Friday, September 08, 2006

Covering Torture and Detention

I highly recommend the analysis in this month's edition of the Columbia Journalism Review of how the the media has covered the Bush administration's torture/secret detention policies. Unlike the partisan flogging that left and right-wing bloggers are prone to giving the "MSM" from time to time, the article is a very balanced appraisal of how and why the media failed to appreciate the scope and impliations of the Bush administration's torture/detention policies:
But just as sweeping attacks against “the media” are too reductive, so too are plaudits. And when the record on torture coverage is examined in detail, an ambiguous picture emerges: in the post-9/11 days, some reporters offered detailed accusations and reports of abuse and torture, only to be met with skepticism by their own editors. Stories were buried, played down, or ignored — a reluctance that is much diminished but still bubbles up with regard to the culpability of policymakers.

Some of the blame falls on the inherent defects of the American media, some on the difficulty presented by covering stone-walling and obfuscating Bush administration officials, some on the unwillingness of media outlets to challenge Bush in the wake of 9/11, and some quite simply on the unwillingness to believe at first what the administration could be up to. Here's an example, referring to the lack of follow-up by other media sources on the Washington Post's story on the abuse and rendition of suspected terrorists:

What’s striking, though, isn’t simply the lack of follow-up but that so few tried. Unlike the ACLU, for example, almost no reporters filed FOIA requests about the detainee system. (The one apparent exception was an enterprising reporter at The New York Sun named Josh Gerstein, who actually beat the ACLU to the punch but had his FOIA request dismissed on a technicality.)

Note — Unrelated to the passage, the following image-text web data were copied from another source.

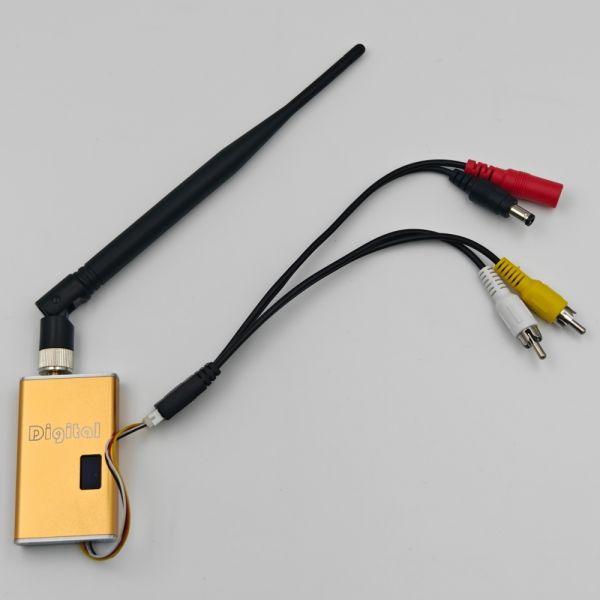 Low Latency 1.2 Ghz Fpv Transmitter 8 Channels 5W Power For Tranmission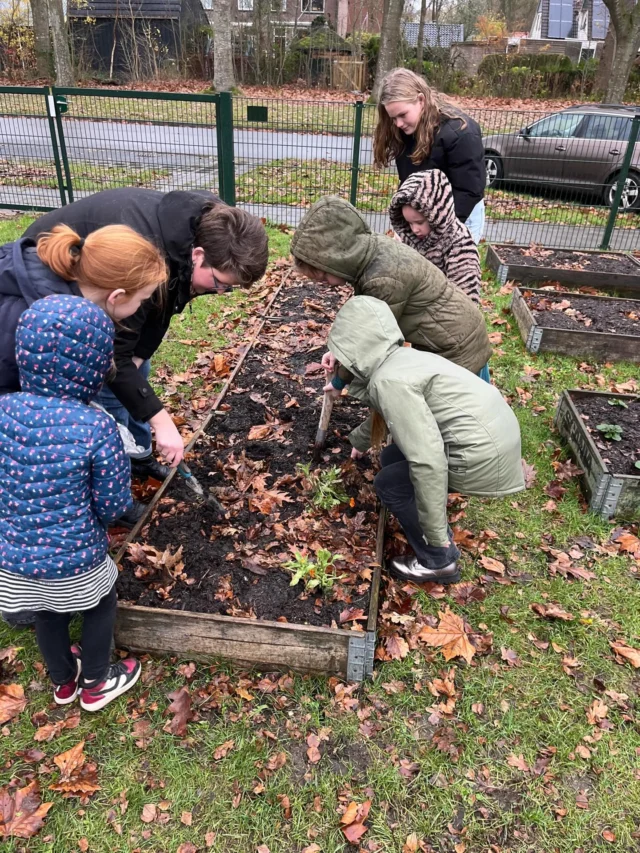 N A S C H O O L S E A C T I V I T E I T | met elkaar werken in de moestuin 🪏🫜#liefdevoortuinieren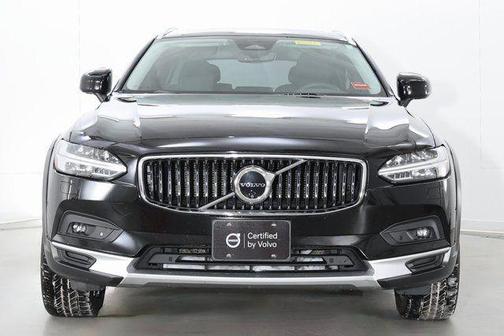 2024 Volvo V90 Cross Country B6 Plus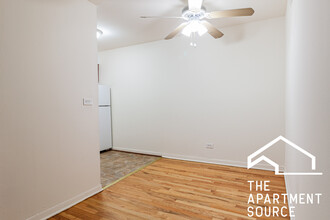 541 W Roscoe St, Unit 576 in Chicago, IL - Building Photo - Building Photo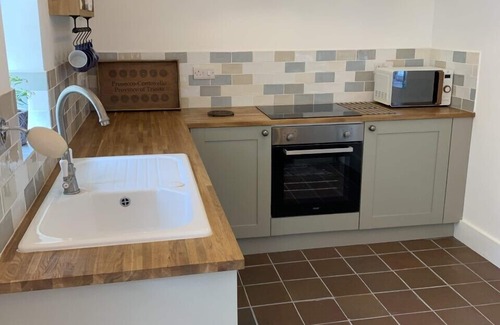 Rowlands Castle Cottage | Cosy 18th Century Cottage. Backs onto Golf Course, Village location.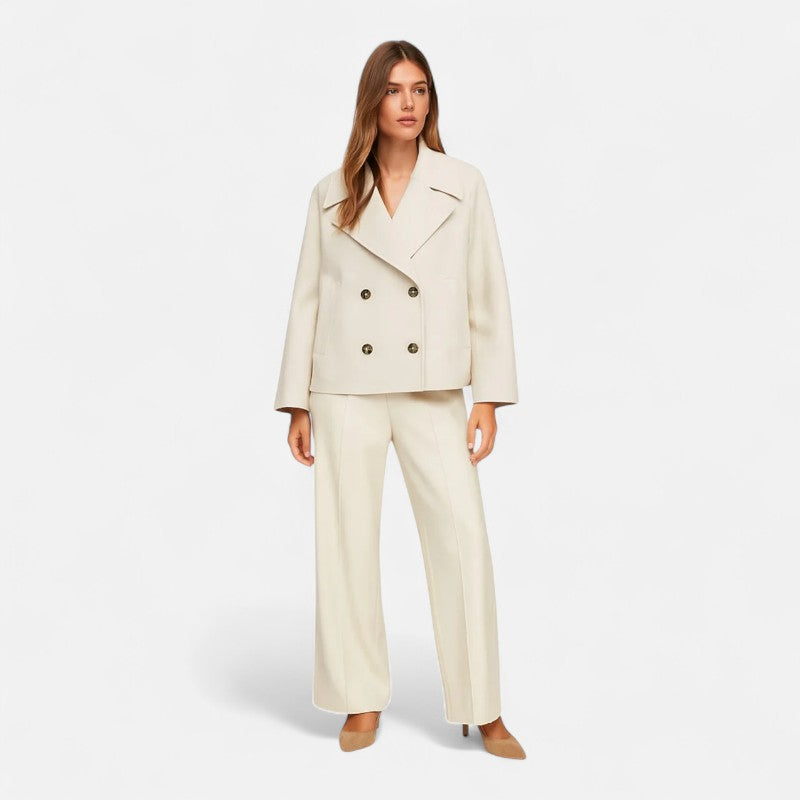 Veste cintrée minimaliste pour femme, élégante, coupe chic, double boutonnage, tissu fluide, revers larges, moderne.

The ACLU’s requests resulted in the organization’s being given thousands of pages of investigative files containing information that, once divulged, prompted numerous front-page stories. The Post simply let Priest and Gellman’s story stand without significant follow-up until after Abu Ghraib. (Three months after the Priest/Gellman story, in March 2003, The New York Times published a piece broadly similar to the Post’s. With softer wording, it was quickly forgotten.)

The failure to file FOIA requests is “something I find terribly embarrassing,” says [Post reporter] Gellman, who points out that the administration’s general antipathy toward FOIA means requests are harder to carry through and often result in little being disclosed. Gellman also stresses that the detainee-abuse story unfolded “just as the Iraq war was becoming inevitable. Iraq took up my life for the next year, as I know it did for many other reporters.”

That tone of regret is laced throughout this story. You get the sense that there are more than a few reporters who wish they had gone back and hit this issue, and so many others, more consistently and with more fervor than they did at the time.

The irony of Abu Ghraib is that compared to what was going on Bagram and in other detention centers God-knows-where-else in the world, the abuse that went on there really was nothing more than fraternity pranks by comparison. But without those infamous pictures showing prisoners being sexually abused, hooded and bound, and made to act like dogs, there would probably still be precious little coverage of what's gone on elsewhere in the world in our name because without the shock value of those pictures, we still couldn't really bring ourselves care or believe that our government could do such a thing to men who were possibly innocent. But even the photos took time to sink into our brains:

What came next was less a media storm than scattered sprinkles. The New York Times covered the story of the photos on page 15, the Los Angeles Times on page 8, and The Washington Post on page 24, though none chose to publish the photos themselves. The photos should have made for compelling TV coverage, but there was no avalanche of coverage there either. Only NBC and, obviously, CBS had segments on the photos the day after.

But the reaction abroad, particularly in the Middle East, was intense. With headlines blaring across the world, and near-endless coverage on Arab networks such as Al Jazeera, President Bush made his first public comments about the abuse two days after the photos aired.

And that is what, finally, lent Abu Ghraib big-story status: not allegations of abuse or even the photos confirming them, but revulsion abroad and the president’s reaction to it.

Now I personally would say that's one moment in time when the press trailed public opinion on this issue. Among many people I knew, there was a palpable sense of shock that this was going on, and some serious reconsidering of what exactly we were doing over in Iraq and the rest of the world before it became possible for some people to rationalize the abuse as the conduct of some "bad apples." But for a majority of the big media sources, the story was how other people reacted to the story.

Anyway, you won't see me sit here and blame the media for not castigating the Bush administration enough. If anyone failed it was all of us, either for supporting these policies, or not fighting against them hard enough. But it's the duty of the media to tell us what's going on so that we can exercise our right to protest or vote out our own leaders. It's a solemn responsibility, and one that the CJR suggests the media failed to live up to.

1 comment:

Nat-Wu said...

It's rather surprising that even at the more critical papers, they sat on these stories or showed no interest in pursuing them. What's wrong with journalism today that they don't take chances like that?